═════ DATA PROVIDED
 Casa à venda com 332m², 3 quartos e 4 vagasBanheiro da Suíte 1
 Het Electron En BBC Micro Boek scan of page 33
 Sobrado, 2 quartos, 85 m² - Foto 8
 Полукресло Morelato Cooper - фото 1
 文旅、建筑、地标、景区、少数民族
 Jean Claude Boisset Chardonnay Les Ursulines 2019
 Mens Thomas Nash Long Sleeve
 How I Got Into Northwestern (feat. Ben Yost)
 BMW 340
══════════
* EXERCISE REQUIREMENTS *
The assignment is to restate, word for word, each line from the one containing "Het Electron En" through the final line of the material above.

* SOLUTION FOR THIS EXERCISE *
 Het Electron En BBC Micro Boek scan of page 33
 Sobrado, 2 quartos, 85 m² - Foto 8
 Полукресло Morelato Cooper - фото 1
 文旅、建筑、地标、景区、少数民族
 Jean Claude Boisset Chardonnay Les Ursulines 2019
 Mens Thomas Nash Long Sleeve
 How I Got Into Northwestern (feat. Ben Yost)
 BMW 340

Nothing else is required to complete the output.